Verschwörungstheorien, Falschmeldungen und Hetze

Carlson hatte das vorab aufgezeichnete Interview über mehrere Tage hinweg als bedeutendes Medienereignis beworben. Laut der russischen Politologin Tatjana Stanowaja dürfte das Gespräch mit dem 54-jährigen Talkmaster dem international kritisierten Kremlchef als willkommene Plattform vor der Präsidentenwahl am 17. März in Russland gedient haben.

Putin hat Carlson benutzt, um Zugang zum amerikanischen Publikum zu bekommen. Insbesondere die Anhänger von Donald Trump, der wieder ins Weiße Haus einziehen möchte, sind weniger kritisch gegenüber Putin als viele andere Amerikaner.

Der ehemalige Moderator von Fox News, Carlson, erreicht über soziale Netzwerke ein Millionenpublikum. Im vergangenen Jahr wurde er von dem konservativen US-Sender ohne Angabe von Gründen entlassen. Er moderierte dort lange Zeit eine beliebte Abendsendung. In dieser nutzte Carlson Falschbehauptungen, um gegen die Demokratische Partei und Minderheiten zu hetzen. Kurz nach seinem Ausscheiden bei Fox News startete er eine eigene Show auf X.

Kirby warnt vor Putins Worten

Der Kommunikationsdirektor des Nationalen Sicherheitsrats der USA, John Kirby, wies darauf hin, dass nichts, was in dem Interview gesagt wurde, für bare Münze zu nehmen sei. «Erinnern Sie sich daran, Sie hören Wladimir Putin zu», sagte er am Donnerstag in Washington.
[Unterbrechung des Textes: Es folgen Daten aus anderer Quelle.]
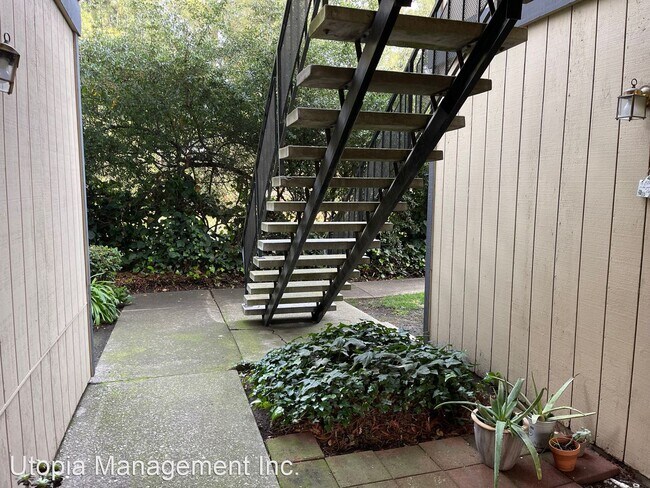 Foto del edificio - 2 br, 1 bath House - 6724 Plymouth Rd. Apt...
Inzwischen hat Carlson Moskau wieder verlassen. Die Nachrichten-Website «Semafor» berichtete, er habe sich vor seiner Abreise auch mit Edward Snowden getroffen. Der US-Whistleblower, der 2013 das Ausmaß der weltweiten Überwachungs- und Spionagepraktiken der Vereinigten Staaten öffentlich gemacht hatte, lebt seit rund zehn Jahren im Exil in Russland. Nähere Details zu dem angeblichen Treffen waren zunächst nicht bekannt.